I know I have been stuck with SQL server for too long and a lot behind in adopting newer database technologies, but late is better than never. While updating a web application which uses SQL Server, I realized the current relational structure of my database is not really the optimal solution. I have more than 120 million rows of data in one of the tables which represent Option Chains for Stocks, one row per Option. I store this data as snapshots in time and do not change them after they are stored. Anyone familiar with this type of data knows that these individual rows are not really interesting by themselves and they are normally looked at alongside others which belong to the same Stock, and with same expiration. In real world you are presented with the whole chain (see an example of such data here).
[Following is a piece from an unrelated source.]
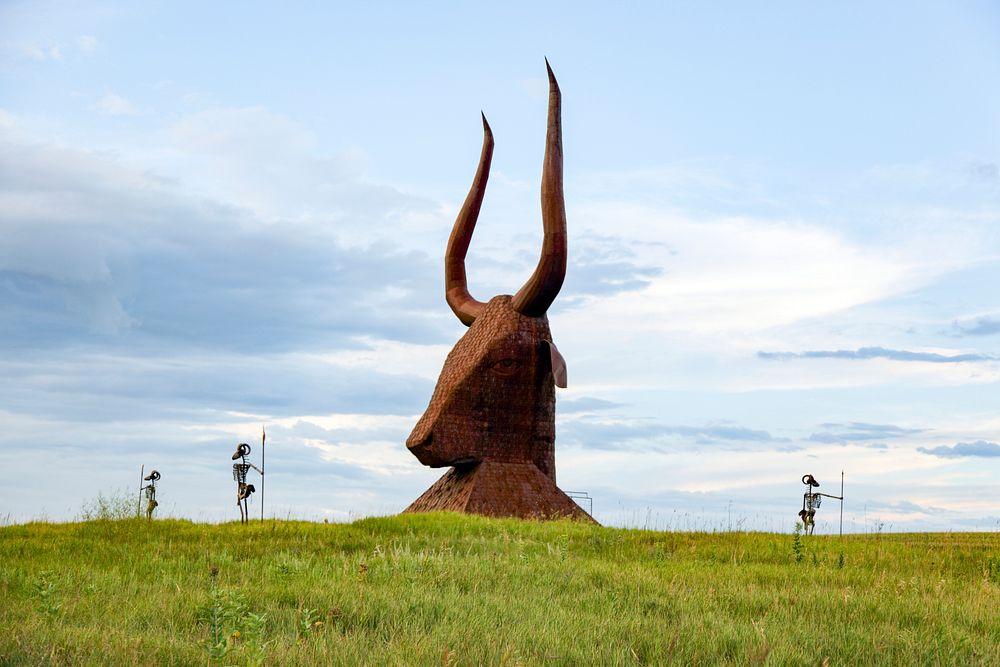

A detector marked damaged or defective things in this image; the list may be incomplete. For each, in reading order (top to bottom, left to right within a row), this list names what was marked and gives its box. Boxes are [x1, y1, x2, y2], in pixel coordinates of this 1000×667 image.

rusty metal sculpture [404, 61, 592, 520]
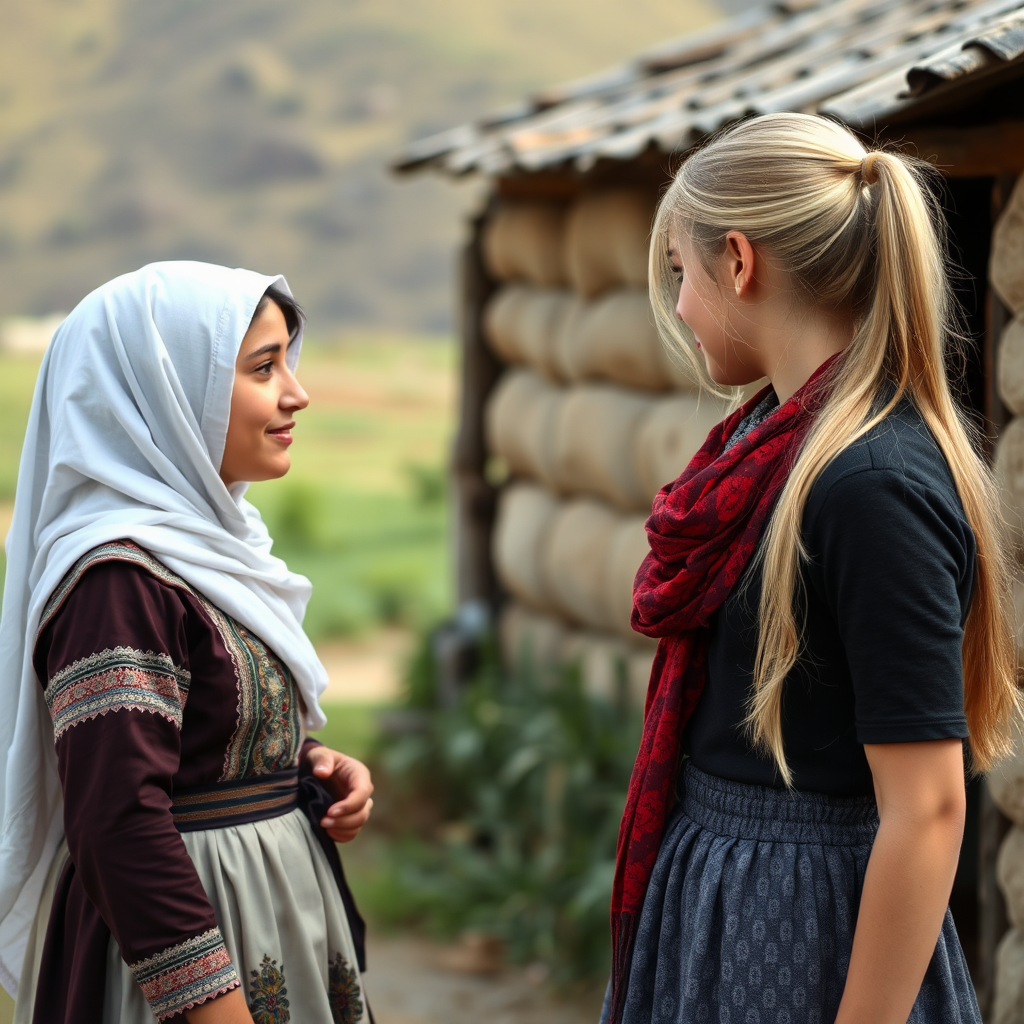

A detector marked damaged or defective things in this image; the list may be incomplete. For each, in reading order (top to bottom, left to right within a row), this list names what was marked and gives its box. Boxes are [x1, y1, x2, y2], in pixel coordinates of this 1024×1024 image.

Now, imagine you have to reconstruct this chain from those individual rows in my large table with 120 million rows. Size of this database on disk is more than 22 GB and it needs a decent machine to run with acceptable performance in a multi-user environment.
This data is ideal candidate for a document storage solution like MongoDB or ElasticSearch. The document structure looks like this:
{
"options" : {
"mappings" : {
"goog" : {
"properties" : {
"calls" : {
"properties" : {
"a" : {
"type" : "string"
},
"b" : {
"type" : "string"
},
"o" : {
"type" : "string"
},
"st" : {
"type" : "string"
},
"v" : {
"type" : "string"
}
}
},
"expires" : {
"type" : "date",
"format" : "dateOptionalTime"
},
"p" : {
"type" : "double"
},
"puts" : {
"properties" : {
"a" : {
"type" : "string"
},
"b" : {
"type" : "string"
},
"o" : {
"type" : "string"
},
"st" : {
"type" : "string"
},
"v" : {
"type" : "string"
}
}
},
"stamp" : {
"type" : "date",
"format" : "dateOptionalTime"
}
}
}
}
}
}
To make sure I'm choosing the appropriate solution for storing this data, I decided to test and compare both MongoDB and ElasticSearch, and my comparison vectors are these:
- Disk Storage consumed
- Memory utilization
- CPU Utilization
- Search Performance (time)
I used identical virtual machines with these configurations:
- 1 vCPU
- 4 GB RAM
- 50 GB storage
- CentOS (2.6.32-431)
Unfortunately I did not measure the time it took to migrate data from SQL server (which was in the range of hours), but I'm sure it took more time in MongoDB than ElasticSearch.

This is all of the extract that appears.